# Marine SOF engaging the Taliban.



## Ravage (Jul 16, 2012)

Helmet cam shows a intense firefight.


----------



## Crusader74 (Jul 16, 2012)

"Make sure you spread it around, what everyone to get some! "  ROTFFLMAO!


----------



## FatGrat (Jul 16, 2012)

If that's not a good case of motivation, then I don't know what is.


----------



## SkrewzLoose (Jul 16, 2012)

"The fight ends with 2 JDAMs"  LOL


----------



## ordman (Jul 16, 2012)

SkrewzLoose said:


> "The fight ends with 2 JDAMs" LOL


I said I'd never use this on here but..ahem..IYAOYAS...:-"


----------



## pardus (Jul 17, 2012)

That was intense? 

It was very cool.


----------



## dknob (Jul 17, 2012)

PERSEC..
what a comical concept. Esp when pertaining to SF and MARSOC.

Excuse me while I go watch Best Ranger to see if any of my friends made it in CAG...


----------



## JohnnyBoyUSMC (Jul 17, 2012)

Marines: restrained use of violence, wtf is that?!?


----------



## Shutefight (Sep 18, 2012)

It is against any rules to become aroused at this video?


----------



## DA SWO (Sep 18, 2012)

Were those LAWS on the quadrunners?

I like the Magpul/Surefire stuff on the weapons.  

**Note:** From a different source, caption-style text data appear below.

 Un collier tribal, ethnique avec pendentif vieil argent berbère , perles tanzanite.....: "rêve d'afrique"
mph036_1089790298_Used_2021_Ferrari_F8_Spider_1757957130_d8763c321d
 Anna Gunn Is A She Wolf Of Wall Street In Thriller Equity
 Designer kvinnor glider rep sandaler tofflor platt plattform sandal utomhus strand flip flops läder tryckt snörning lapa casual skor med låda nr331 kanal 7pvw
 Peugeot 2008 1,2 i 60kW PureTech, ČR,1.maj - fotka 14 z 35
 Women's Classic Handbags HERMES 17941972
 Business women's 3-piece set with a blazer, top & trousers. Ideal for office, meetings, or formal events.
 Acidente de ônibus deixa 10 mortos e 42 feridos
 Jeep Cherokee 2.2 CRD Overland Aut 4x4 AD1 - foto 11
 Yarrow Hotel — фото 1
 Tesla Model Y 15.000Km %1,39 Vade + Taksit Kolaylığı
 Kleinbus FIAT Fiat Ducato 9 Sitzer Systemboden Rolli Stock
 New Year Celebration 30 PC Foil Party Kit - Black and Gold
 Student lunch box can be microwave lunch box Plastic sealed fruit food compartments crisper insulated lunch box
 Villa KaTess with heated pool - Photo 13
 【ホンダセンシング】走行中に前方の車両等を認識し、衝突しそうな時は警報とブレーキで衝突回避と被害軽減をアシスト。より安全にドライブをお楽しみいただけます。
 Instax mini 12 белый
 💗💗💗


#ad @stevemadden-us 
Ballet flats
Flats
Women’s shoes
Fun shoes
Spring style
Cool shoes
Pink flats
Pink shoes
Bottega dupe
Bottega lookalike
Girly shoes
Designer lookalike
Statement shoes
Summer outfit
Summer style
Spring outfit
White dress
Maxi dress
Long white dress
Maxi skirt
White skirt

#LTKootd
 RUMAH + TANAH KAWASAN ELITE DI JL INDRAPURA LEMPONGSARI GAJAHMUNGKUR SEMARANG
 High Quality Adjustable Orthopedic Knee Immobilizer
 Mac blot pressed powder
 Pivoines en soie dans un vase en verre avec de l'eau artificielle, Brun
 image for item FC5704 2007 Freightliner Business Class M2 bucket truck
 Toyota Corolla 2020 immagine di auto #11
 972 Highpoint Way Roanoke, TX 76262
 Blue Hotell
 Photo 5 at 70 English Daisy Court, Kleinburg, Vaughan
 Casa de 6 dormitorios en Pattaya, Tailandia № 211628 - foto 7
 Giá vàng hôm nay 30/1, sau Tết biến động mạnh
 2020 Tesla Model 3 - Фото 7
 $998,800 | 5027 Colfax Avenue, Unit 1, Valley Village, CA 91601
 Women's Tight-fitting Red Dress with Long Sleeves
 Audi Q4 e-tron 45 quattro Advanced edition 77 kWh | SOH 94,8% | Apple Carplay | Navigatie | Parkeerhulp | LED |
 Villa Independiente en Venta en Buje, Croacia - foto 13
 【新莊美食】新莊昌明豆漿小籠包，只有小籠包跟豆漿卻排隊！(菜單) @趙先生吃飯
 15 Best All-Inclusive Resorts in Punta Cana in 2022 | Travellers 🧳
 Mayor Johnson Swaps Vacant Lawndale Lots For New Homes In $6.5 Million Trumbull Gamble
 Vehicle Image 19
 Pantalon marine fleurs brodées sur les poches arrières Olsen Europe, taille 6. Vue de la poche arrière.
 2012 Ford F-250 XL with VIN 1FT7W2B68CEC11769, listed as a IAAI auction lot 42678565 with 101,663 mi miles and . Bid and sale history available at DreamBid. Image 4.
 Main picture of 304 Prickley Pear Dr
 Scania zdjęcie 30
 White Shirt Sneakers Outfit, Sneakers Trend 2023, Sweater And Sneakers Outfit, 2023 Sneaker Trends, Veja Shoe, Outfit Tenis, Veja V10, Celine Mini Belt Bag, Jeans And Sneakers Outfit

Those guys from the 82nd will be running over to the SF recruiters office when they have a chance.


----------



## Squidward (Oct 12, 2012)

You can tell someone was having fun with the goose during this fight.


----------



## QC (Oct 12, 2012)

It's been a while, but the back blast area...bit small?


----------



## AKkeith (Oct 12, 2012)

QC said:


> It's been a while, but the back blast area...bit small?



That's what I said. 

Then 3:40 one of them is aiming in and shoots. Looks up confused and then noticed his barrel was straight in the berm lol. Just got a little excited.


----------



## QC (Oct 15, 2012)

That guy can certainly sling a grenade...800 metres. Nice.


----------